Also, The Crew was supposed to last until 2099? Bro, Ubisoft can’t even keep their servers alive for a weekend, let alone 76 years.
If you don't want to loose access to games and you are European you can sign the following petition https://eci.ec.europa.eu/045/public/#/screen/home . If 1 million Europeans sign that the European commission has to deal with this practice
I would be more open to the “you don’t actually own your games” thing if I wasn’t being sold a digital thing that will definitely get pulled out of my hands at some point, for more than the cost of the physical copies we used to get ($70 minimum now, vs $40-50). And even in the case of The Crew, you got fucked regardless of having a physical copy or not.
I pay for GamePass knowing that I don’t own the games on there. It’s a subscription just like the Sega Channel was.
Online services going away is fine. That’s been a thing that’s happened for years with other games. But the game should still remain playable in some fashion. If it becomes fully inaccessible at the end of life, customers have a legitimate reason to be upset.
Online services going away is fine. That’s been a thing that’s happened for years with other games. But the game should still remain playable in some fashion. If it becomes fully inaccessible at the end of life, customers have a legitimate reason to be upset.

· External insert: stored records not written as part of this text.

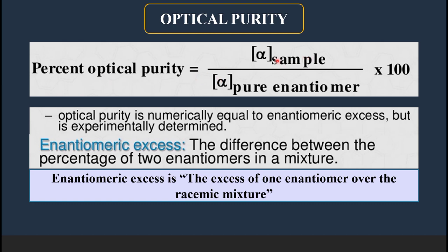The percentage optical purity of a sample equals the specific rotation of the given sample divided by the specific rotation of the pure enantiomer, multiplied by 100. This percentage optical purity is equal to the enantiomeric excess. A racemic mixture will have 50% dextrorotatory and 50% levorotatory enantiomers.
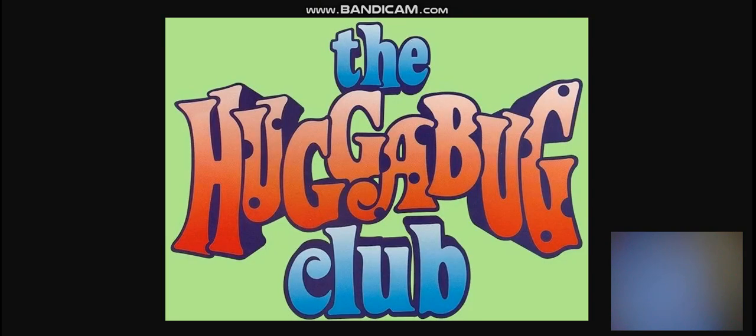The worst show that's ever there on this channel is the Huckabug Club! What? What? More like a time on corner. Oh my god, this show sucks.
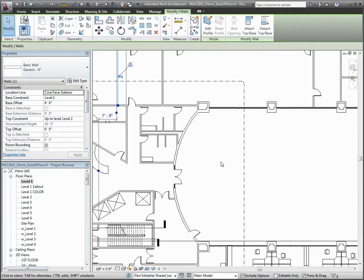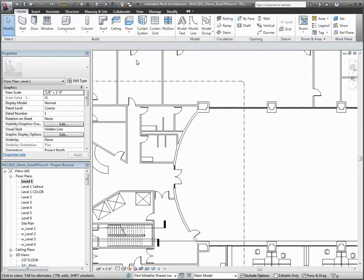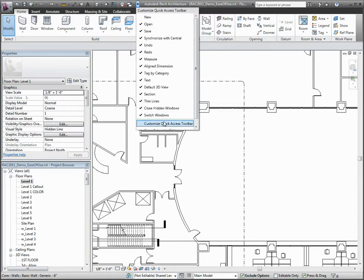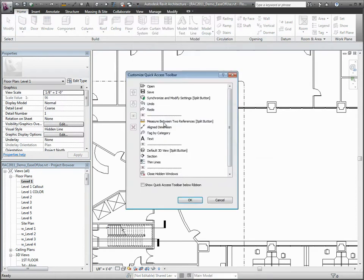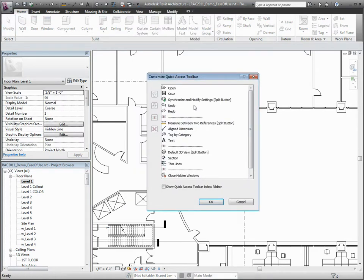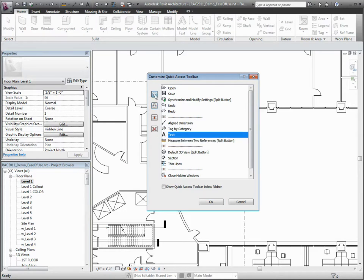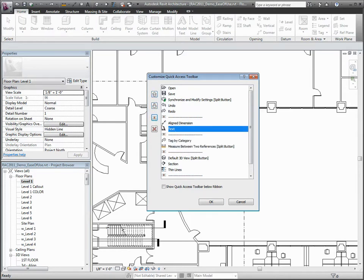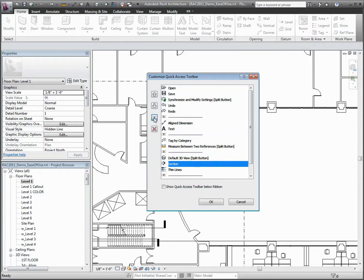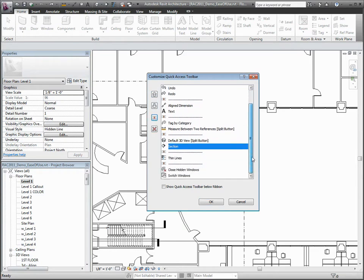The Quick Access Toolbar customization dialog greatly enhances its usability. The interface allows you to reorder your tools and add dividers for better organization and grouping of commands. In addition, a single Quick Access Toolbar now supports both the project and family editor environments.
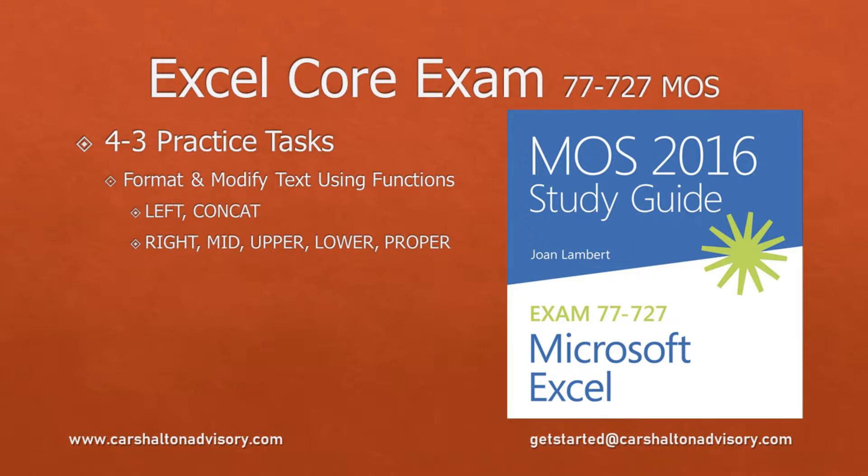This is Craig with Karshalton Advisory. In this video, we're going to prepare you for writing the Excel 2016 Core Exam by walking you through the practice tasks for Objective 4.3, Modify Text by Using Functions. Let's get started.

It's not even just that. Society at large has an even more legitimate reason to be upset, because the whole social contract by which we agreed to even grant the publisher copyright in the first place was predicated on the work eventually entering the Public Domain. Destroying the work to prevent that from happening is more truly "theft" than "pirating" copies of it could ever be!
The server component of online games ought to be required by law to be submitted to the Library of Congress for eventual release to the public.
So I actually read the article, even though there are huge outstanding questions on the nature of ownership, that’s actually not what the court argument is about:
Replying to Ubisoft’s argument that the statute of limitations is up, the plaintiffs responded with their own photos of The Crew’s packaging, which states that the activation code for the game doesn’t expire until 2099; that’s an example of how Ubisoft “implied that [The Crew] would remain playable during this time and long thereafter,”
Well yeah… software as a service is a thing but Ubisoft is straight up lying…
My two cents: no one is expecting online services to be up forever, so imo the correct solution is open source the game after the company meets their 10 (or 20) year obligation which should be clearly pointed out during the initial rental agreement (shouldn’t call it purchase)
If a company decides to stop hosting it's online service they should be required to open it up for third party hosting. By ending their support they are admitting the profit capture is over so if another company wants to host it for profit so be it.
there are huge outstanding questions on the nature of ownership
There really aren't, though. There is only the well-established and correct understanding of it as embodied by things like the Uniform Commercial Code, and lying criminals trying to gaslight us into letting them steal our property rights.
Fine but if I give money for games it will only be to indie studios, otherwise I'll sail the seven cyberseas.
Oh cool then piracy isn't theft.
I agree with the sentiment, but what exactly is the explanation for this? If you're allowed to lease or rent or purchase a license, isn't stealing that thing for free still theft?
Chill with the downvotes - I'm not disagreeing. I'm just trying to understand where the line is.
I mean, are you taking your definition of "theft" from the law? Or from your own internal set of ethics for right and wrong? Is it theft if no one is deprived of anything, because bits copy, and because you'd never trade dollars for the privilege of maintaining an exploitative relationship with a company but that is all they've made available?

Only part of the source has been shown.